Sería en los minutos finales cuando tuvo lugar el momento más bochornoso de la tarde. En plena contra malagueña, el desafortunado incidente con el recogepelotas tuvo lugar. No logró su objetivo, pero eso no borra el hecho de haber cometido una acción ruin. El Málaga continuó atacando y no aprovechó su ocasión. Simeone, en las imágenes, se gira al banquillo y hace una indicación. Cada uno que interprete lo que quiera, pero si la orden es del Cholo, que lo parece, el escudo que tanto ama estuvo cerca de ser manchado por él mismo.

Al finalizar la primera parte y como manda la norma, Mateu Lahoz, al no saber quién había sido el responsable del lanzamiento del balón, mandó a la grada a Simeone, jefe y señor de ese banquillo. Si el balón viniese de la grada, el responsable sería el delegado. Si viene del banquillo es el entrenador.

Fue el segundo balón que entró en el campo cuando no debía ya que Javi Gracia cortó un saque rápido del Atlético anteriormente metiendo otro esférico en el terreno de juego. No le vale de excusa a nadie, pero los hechos son los hechos.

El Ángel aparece

En la segunda parte, el Atlético mantuvo la presión sobre el Málaga y ya con Simeone en el palco buscó el 1-0 con todo su arsenal. El problema rojiblanco era que su mejor arma tendría que salir desde el banquillo y ese fue Ángel Correa.

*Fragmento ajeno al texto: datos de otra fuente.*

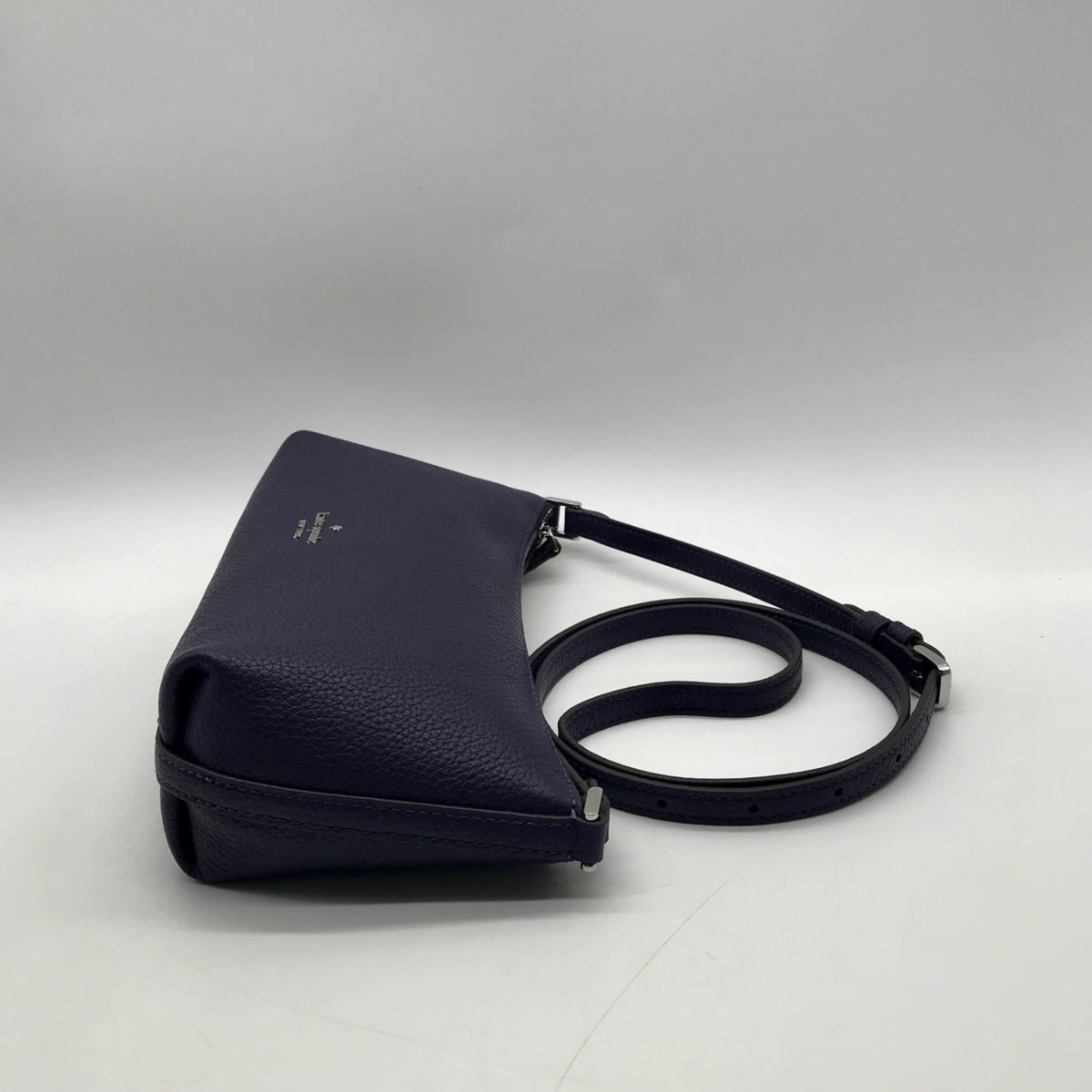 Kate Spade Dark Purple Pebbled Leather Mini Crossbody Bag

Simeone se dio cuenta de que la defensa andaluza no daba tregua por el aire y quitó a un tocado Carrasco para buscar la calidad a ras de césped de Correa. Fue salir el terreno de juego y el argentino se hizo con los mandos. Sus capacidad de desborde es única y difícil de encontrar y con esas cualidades generó el 1-0 a la hora de partido. Balón en sus pies, búsqueda del espacio y disparo a portería que desvió lo justo Albentosa para despistar a Ochoa. El Ángel había bajado al Calderón.

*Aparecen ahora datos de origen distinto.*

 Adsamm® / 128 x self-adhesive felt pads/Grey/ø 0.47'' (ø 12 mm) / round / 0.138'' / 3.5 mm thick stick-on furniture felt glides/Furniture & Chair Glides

El estadio rojiblanco gritó de rabia con el tanto y el equipo se quitó 20 kilos de presión de encima. El Atlético se soltó y siempre conducido por Correa pudo sentenciar en varias jugadas. Augusto entró al campo por Griezmann y terminó de dar solidez al centro para evitar sustos del Málaga.

El pitido final dio vida a un Atlético que sigue peleando la Liga con lo que hace en el terreno de juego. No debería cambiar esa seña de identidad de los rojiblancos si quieren seguir siendo un equipo conocido por su coraje y corazón, como reza su himno.